Sexual harassment is defined by California as unlawful violence, such as stalking, assault, or battery, or as a credible threat of violence, which causes significant fear, annoyance, or harassment without any valid reason. In California, any conduct or behavior of a sexual nature that results in an environment that is hostile, intimidating, and/or offensive to an employee on the basis of their sex is regarded as sexual harassment. According to this definition, a single occurrence can be considered sexual harassment if it is serious enough.

Under federal law, specifically Title VII of the Civil Rights Act of 1964, and on the state level in California through the Fair Employment and Housing Act, sexual harassment is considered a type of employment discrimination and is prohibited. However, the question arises as to what specific behaviors or actions fall under the umbrella of sexual harassment.

According to federal and California sexual harassment laws, the following actions in the workplace are considered sexual harassment:

  • Making derogatory slurs, jokes, comments, or epithets.
  • Making unwanted sexual offers.
  • Offering benefits in exchange for sexual favors.
  • Taking negative actions such as loss of employment or benefits following a harassment complaint.
  • Displaying or giving sexually suggestive objects, cartoons, pictures, or posters.
  • Blocking or impeding an individual’s movements.
  • Making unwanted physical contact.
  • Discussing sexual acts.
  • Threatening to take adverse employment actions or benefits if sexual requests are not met.
  • Making rude gestures or leering.
  • Using sexually degrading words, graphic comments, or sending sexually suggestive or obscene messages.

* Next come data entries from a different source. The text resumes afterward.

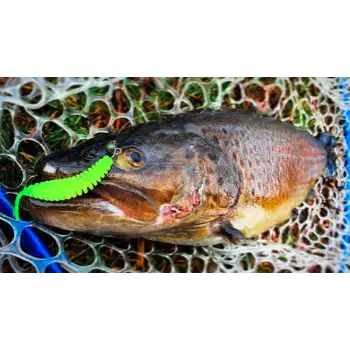 FISHUP Tanta 2.5 inch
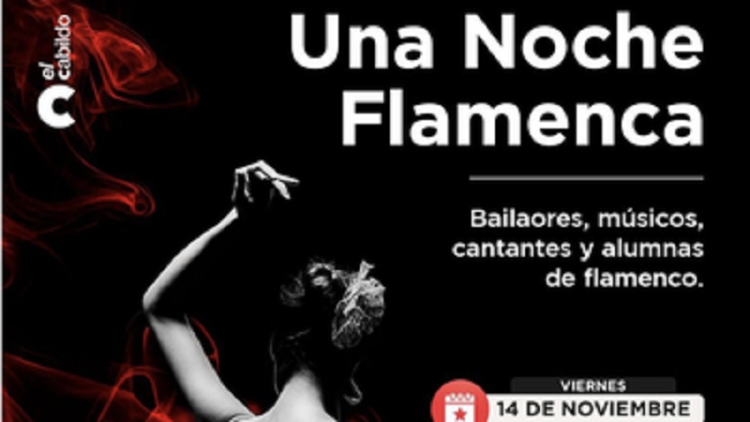 "Una Noche Flamenca" en el Cabildo Hist&oacute;rico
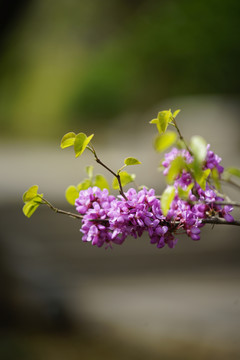 紫荆花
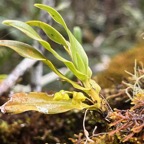 17. Angæcum multiflorum - Ø - Orchidacea - indigène Réunion.jpeg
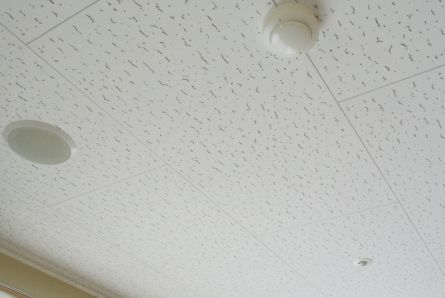 b0017215_09390051.jpg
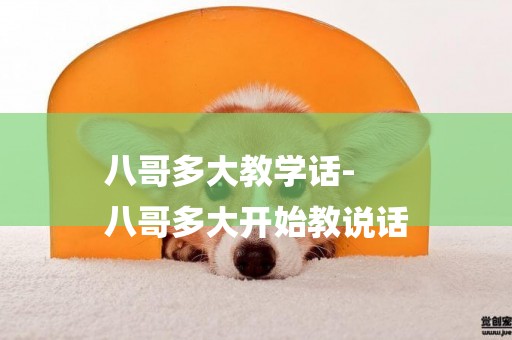 八哥多大教學話-
八哥多大開始教說話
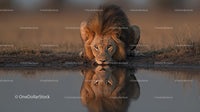 Majestic Lion Reflecting in Water at Sunset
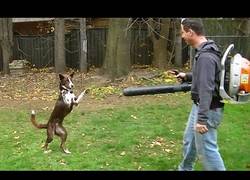 Enlace a Los perros se vuelven locos con los sopladores de hojas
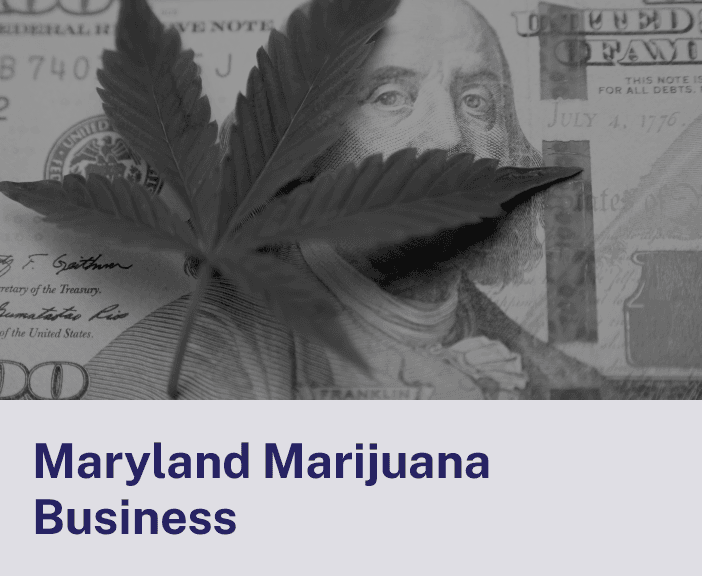 Maryland Marijuana Business.png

It is important to note that some of the actions listed above may not be considered sexual harassment if they are welcomed by the recipient. For example, if an employee asks out a coworker and the coworker agrees to go on a date, it would not be considered harassment. However, it is possible for an action to be initially welcomed but later become unwelcome.

Additionally, while Title VII only applies to employers with fifteen or more employees, California’s sexual harassment laws apply to all private, state, and local employers, regardless of their workforce size. This also applies to other California workplace bullying laws and protections.

The Fair Employment And Housing Act: California Sexual Harassment Law

To meet the requirements set by the FEHA and the DFEH, it is mandatory for all employers to take rational measures to stop and rectify any acts of discriminatory or harassing behavior. This can be achieved by an employer having a documented policy in place that addresses the prevention of harassment, discrimination, and retaliation in the workplace, and ensuring that all employees are aware of and understand the policy.

The policy ought to clarify the procedure for filing a complaint, which includes the following responsibilities of the employer:

  • Addressing the complaint in a timely manner
  • Maintaining confidentiality
  • Acknowledging the complainant’s communication
  • Assigning qualified personnel to investigate the complaint
  • Documenting the investigation and keeping track of the complaint’s status and results
  • Taking appropriate corrective measures
  • Ensuring that the complaint is resolved in a timely manner.

Furthermore, the policy should:

  • Provide alternative reporting options for employees to report incidents to individuals other than their supervisor (e.g., through a complaint hotline, an ombudsperson, or directly to DFEH or the EEOC).
  • Direct supervisors to refer harassment complaints to a designated representative, such as a human resources officer.
  • State that the employer will conduct an impartial, prompt, and thorough investigation that respects the rights of all parties involved.
  • Clarify that conclusions will be drawn based on the evidence collected during the investigation.
  • Explain that while the employer will strive to maintain confidentiality, the investigation may not be entirely confidential.
  • Affirm that if the investigation uncovers evidence of wrongdoing, the employer will take the necessary corrective actions.
  • Make it explicit that employees who report complaints or participate in workplace investigations will not be subjected to retaliation.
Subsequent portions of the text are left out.